Holland taught psychiatry at the State University of New York at Buffalo from 1956 to 1973; practiced at Edward J. Meyer Memorial Hospital (now the Erie County Medical Center) in Buffalo from 1958 to 1972; served in 1972 as a consultant on a joint Soviet-American schizophrenia research study in Moscow; and returned the next year to teach and practice at Montefiore Hospital of Albert Einstein College of Medicine in the Bronx.

She joined Memorial Sloan Kettering in 1977. There, she was chief of the psychiatry service until 1996 and chairwoman of the department of psychiatry until 2003.

She edited the first textbook on psycho-oncology in 1989 and was featured on the 2015 PBS documentary “Cancer: The Emperor of All Maladies,” based on the Pulitzer Prize-winning book by Siddhartha Mukherjee.

Holland described her focus on how emotionally healthy individuals dealt with catastrophic disease as “the psychological care of the medically ill,” particularly those who had been stigmatized because they had cancer.

In the 1950s, she wrote, The Times rejected an advertisement for a women’s support group because it mentioned the words “breast” and “cancer.” She recalled, too, that “a taxi driver once refused to drive me to Memorial, saying, ‘No, ma’am, that place is for the Big C. I drive all the way around it.'”

People, she wrote, feared being fired from their jobs if they admitted to having cancer; doctors often withheld their diagnosis from their patients.

“The philosophy was that if we tell them they have cancer, they’ll give up hope, so we won’t tell them,” Holland said in 2015.

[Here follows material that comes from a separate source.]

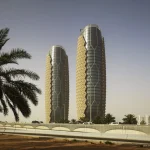 پاورپوینت بررسی عملکرد نماهای متحرک هوشمند در ساختمان ها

That began to change as recovery rates improved, and as prominent cancer survivors like Betty Ford and Happy Rockefeller spoke openly about their illness. “One of the things that I’ve learned in 40 years is that our emotions are exactly the same,” Holland said. “They haven’t changed one iota over millennia. It’s fear. It’s worry. It’s what’s going to happen to me and what’s going to happen to my family. All of those fears are there.

“What the patient has always wanted and still wants is to know that this doctor cares about me,” she continued. “When you feel like your doctor cares, then you’re right there ready to help.”